Dataset extract:
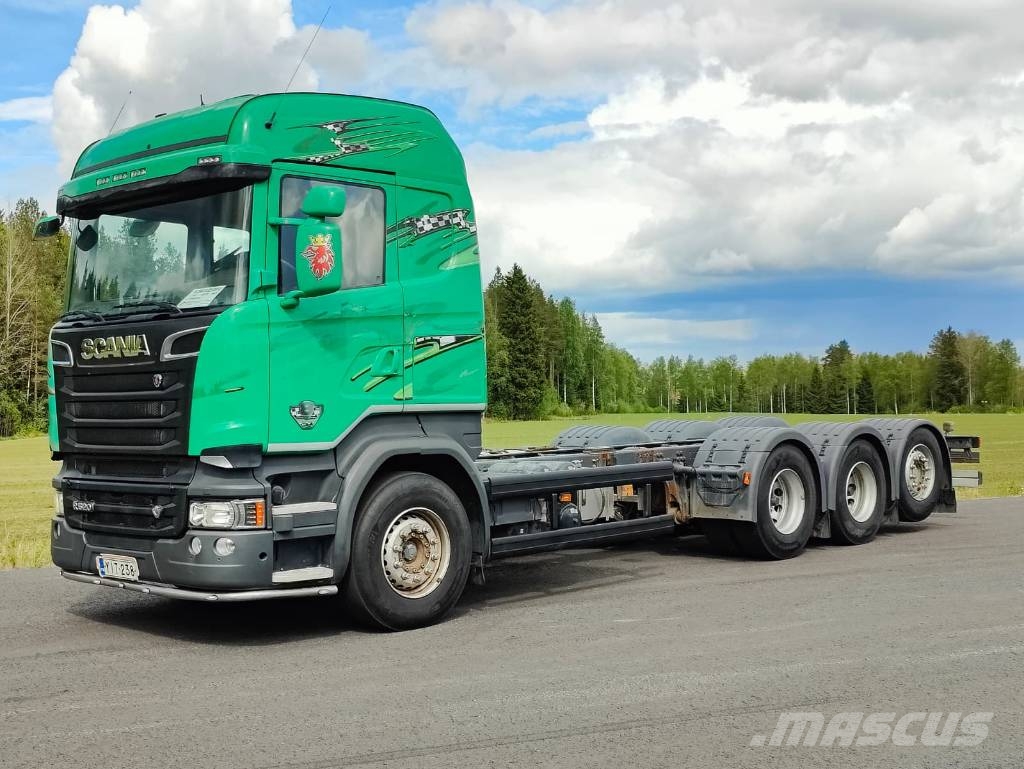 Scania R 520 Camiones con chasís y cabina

--

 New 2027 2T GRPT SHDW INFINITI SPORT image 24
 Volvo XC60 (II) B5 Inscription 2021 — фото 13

* * *

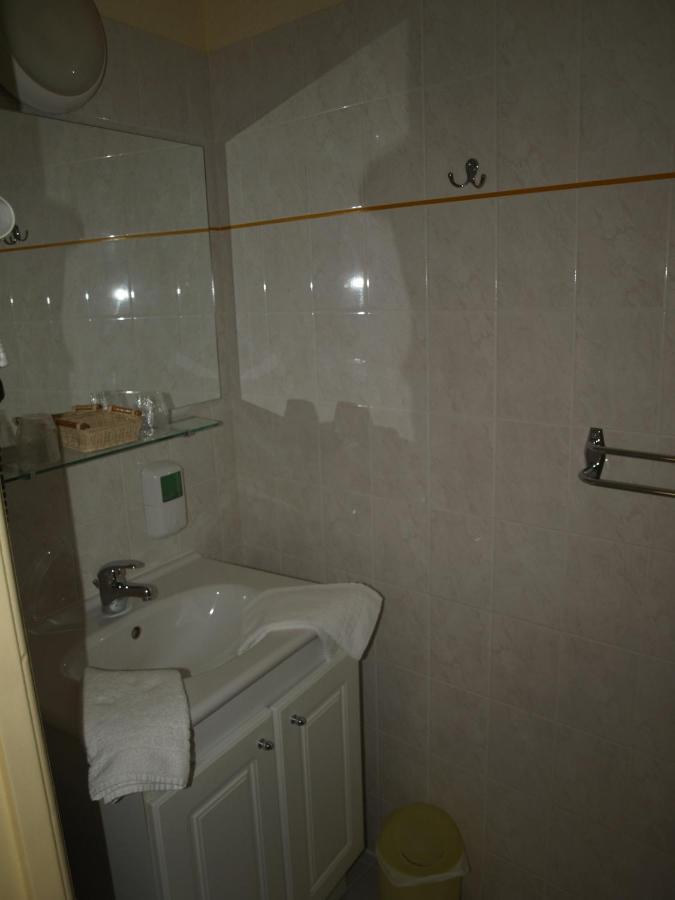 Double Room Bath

Problem details: With the line holding "New 2027 2T" as the first and the line holding "Volvo XC60 (II)" as the last, please transcribe exactly the lines of the material above in that range and nothing else.

Response for this exercise:
 New 2027 2T GRPT SHDW INFINITI SPORT image 24
 Volvo XC60 (II) B5 Inscription 2021 — фото 13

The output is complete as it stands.